(Caption-style text data)
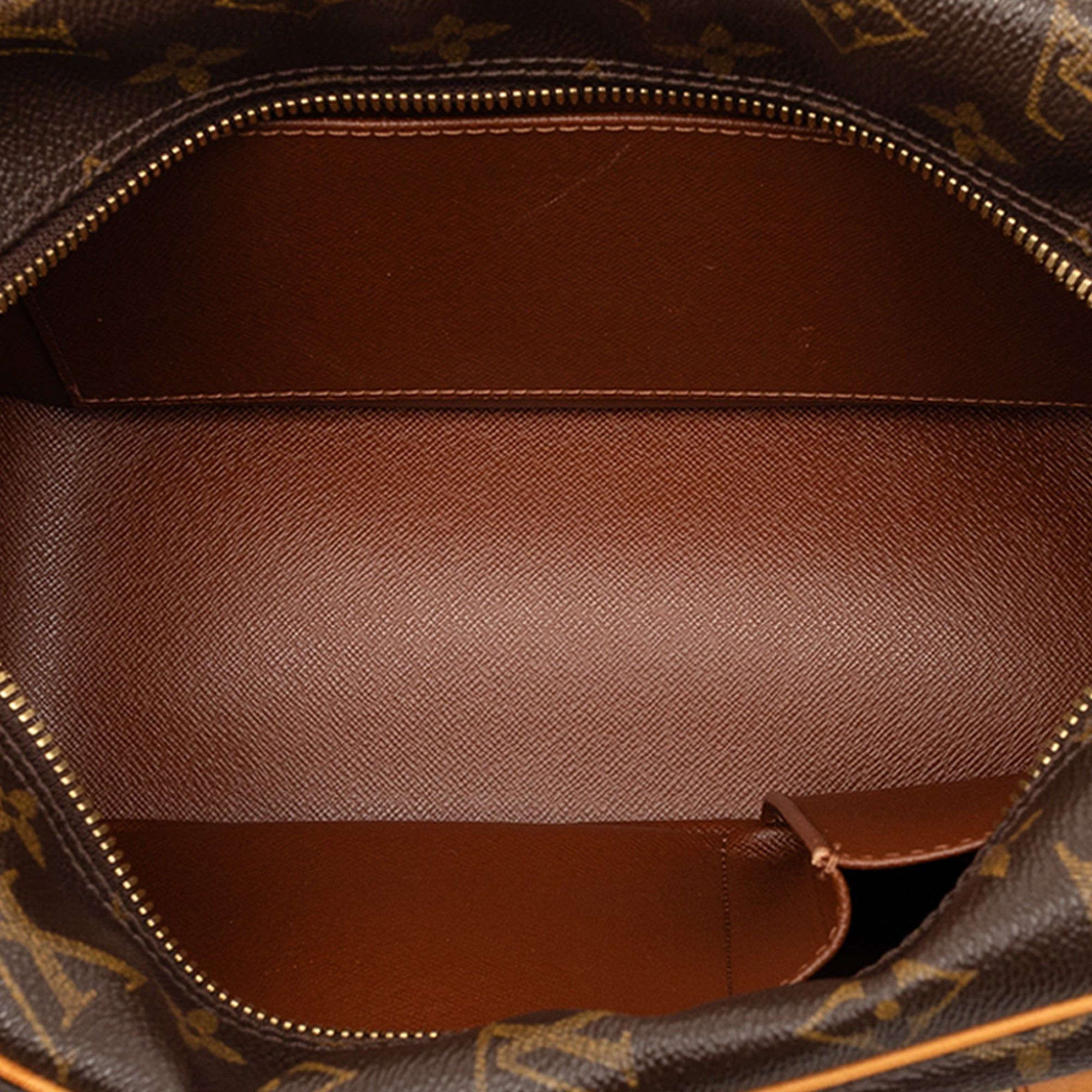 Louis Vuitton Monogram Cite MM Size ONE SIZE - 4 Thumbnail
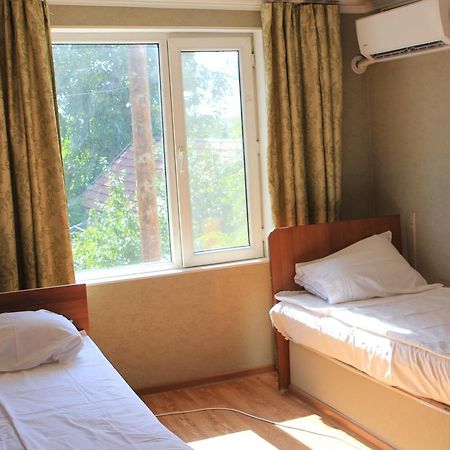 Holiday Hostel House Bishkek Bagian luar foto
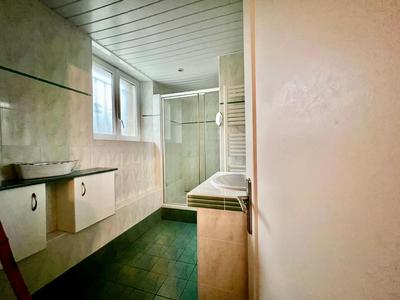 Ferme - 240 m² - 2 pièces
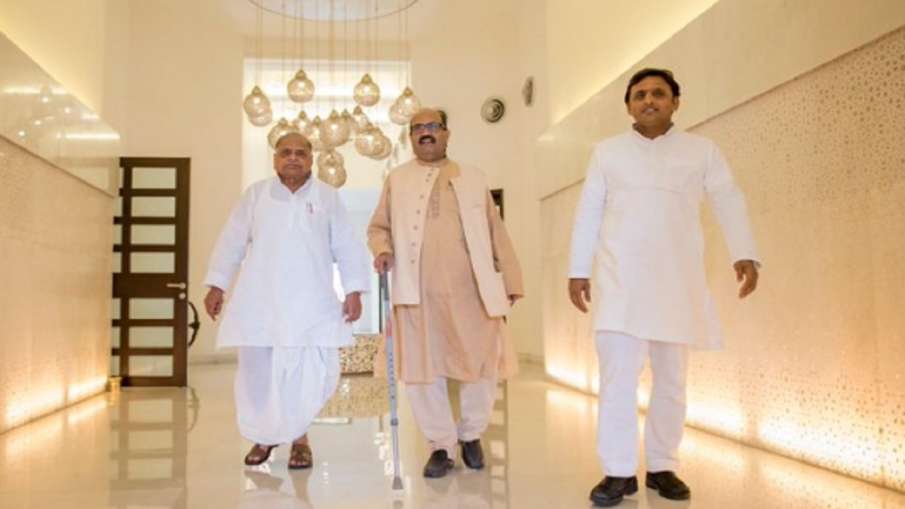Akhilesh yadav Tributes Amar Singh Akhilesh yadav Tributes Amar Singh- India TV Hindi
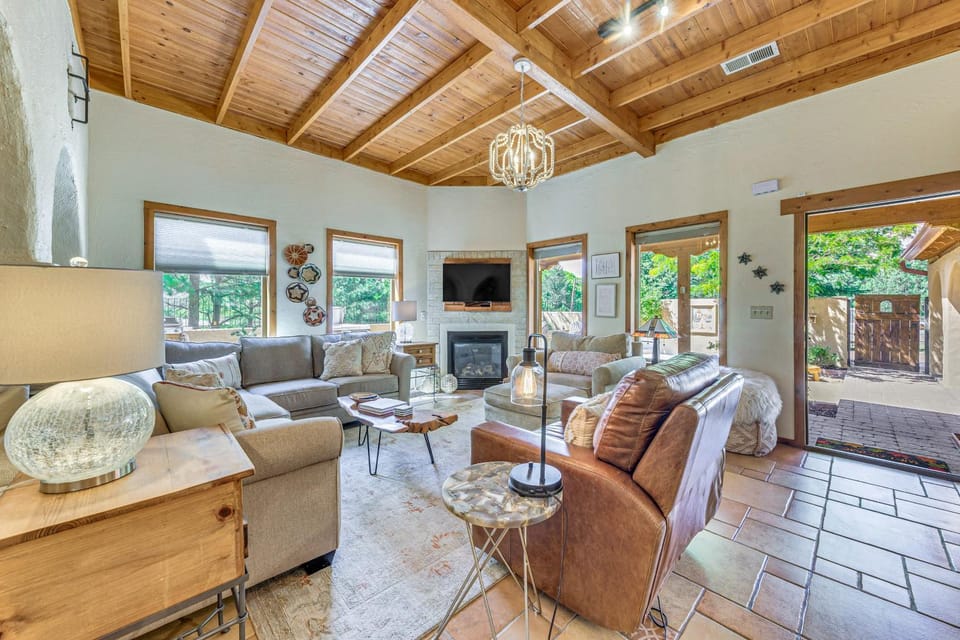 Ruidoso Retreat w/ Hot Tub & Patio! House in Ruidoso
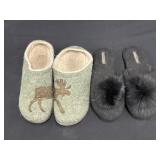 (2) Pair of Women�s House Slippers 8 & 5 (2) Pair of Women�s House Slippers 8 & 5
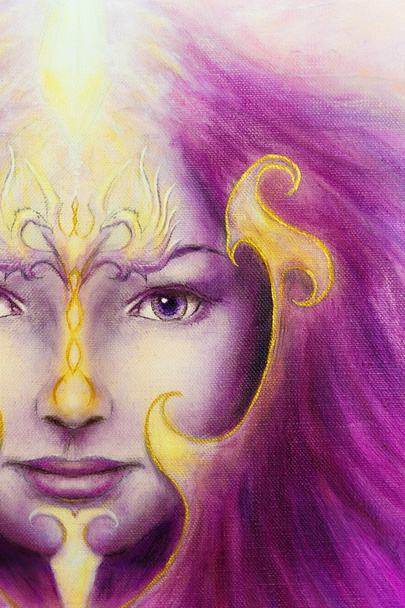 Femme mystique visage avec tatouage ornemental en or et deux oiseaux phénix, fond violet. contact visuel
. - Photo, image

## Exercise goal
Set every record down exactly, omitting pictures.

## Solution to the problem
 Louis Vuitton Monogram Cite MM Size ONE SIZE - 4 Thumbnail
 Holiday Hostel House Bishkek Bagian luar foto
 Ferme - 240 m² - 2 pièces
Akhilesh yadav Tributes Amar Singh Akhilesh yadav Tributes Amar Singh- India TV Hindi
 Ruidoso Retreat w/ Hot Tub & Patio! House in Ruidoso
 (2) Pair of Women�s House Slippers 8 & 5 (2) Pair of Women�s House Slippers 8 & 5
 Femme mystique visage avec tatouage ornemental en or et deux oiseaux phénix, fond violet. contact visuel
. - Photo, image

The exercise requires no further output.